Fix a vector $\vec{v}\in \mathbb{R}^{n}$ and consider the function $f:\mathbb{R}^{n\times n}\rightarrow \mathbb{R}$ given by

$$f(A) = \langle v, Av\rangle$$

and the function $g:\mathbb{R}^{n\times n}\rightarrow \mathbb{R}^{n\times n}$ given by

$$g(A) = A A^\top - I.$$

At the most basic level, $f$ is just a scalar function of real numbers, and $g$ is a vector-valued function of real numbers. So, we can use the standard method of Lagrange multipliers to solve the problem:

Find the maximum and minimum of $f$, subject to the constraint $g \equiv \vec{0}$.

The Lagrangian is

$$\mathcal{L}(A, \Lambda) = f(A) - \sum_{i,j} \Lambda_{i,j} g_{i,j}(A)$$

where $\Lambda$ consists of $n\times n$ Lagrange multipliers (in a square matrix, if you like).

Now we search for a stationary point of $\mathcal{L}$ by computing its various derivatives.

For any entry $a_{i,j}$ in $A$, we find the derivative

$$\frac{\partial \mathcal{L}}{\partial a_{i,j}} = v_i v_j - \sum_{k=1}^n (\Lambda_{i,k} + \Lambda_{k,j})A_{k,j} $$

and for any Lagrange multiplier $\lambda_{i,j}$ in $\Lambda$, we find the derivative

$$\frac{\partial \mathcal{L}}{\partial \lambda_{i,j}} = -[i=j] + \sum_{k=1}^n A_{i,k}A_{j,k}$$

Note that these $\lambda_{i,j}$-derivatives will be zero just when the rows of $A$ are orthonormal! (It says that the dot product of the $i$th and $j$th row of $A$ is 0 if $i\neq j$ and 1 if $i=j$.)

Now, matrix notation gives us a beautiful shorthand for these constraints:

$$\begin{align*} \frac{\partial \mathcal{L}}{\partial A} &= vv^\top - (\Lambda + \Lambda^\top) \cdot A\\ \frac{\partial \mathcal{L}}{\partial \Lambda} &= AA^\top - I\\ \end{align*}$$

Now we look for ways to make all of these derivatives vanish.
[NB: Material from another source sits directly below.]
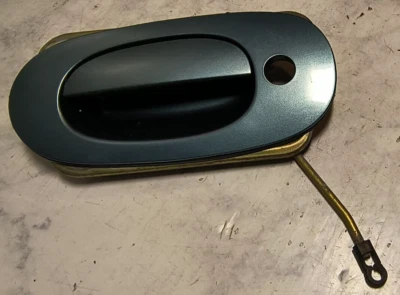 98-03 Jaguar XJ8 X308 Manija de puerta exterior delantera izquierda lado del conductor JHJ Mistral OE Foto 1 de 4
We can make the derivatives with respect to $\lambda_{i,j}$ vanish by having the matrix $A$ be orthogonal, of course. This does not constrain the values of $\Lambda$ in any way.

Suppose $\partial \mathcal{L}/\partial \Lambda$ vanishes; i.e. that $A$ is orthogonal. Then $A$ is invertible and $AA^\top = I$. Under this constraint, we find that $\partial \mathcal{L}/\partial A$ vanishes just if:

$$\begin{align*} vv^\top - (\Lambda + \Lambda^\top)A &= 0\\ vv^\top &= (\Lambda + \Lambda^\top)A\\ vv^\top A^\top &= (\Lambda + \Lambda^\top)AA^\top\\ v(Av)^\top &= (\Lambda + \Lambda^\top)\\ \end{align*}$$

As user Batominovski points out in the comments, $(\Lambda + \Lambda^\top)$ constitutes a symmetric matrix, and we can show that $v(Av)^\top$ is symmetric if and only if $Av$ is parallel to $v$.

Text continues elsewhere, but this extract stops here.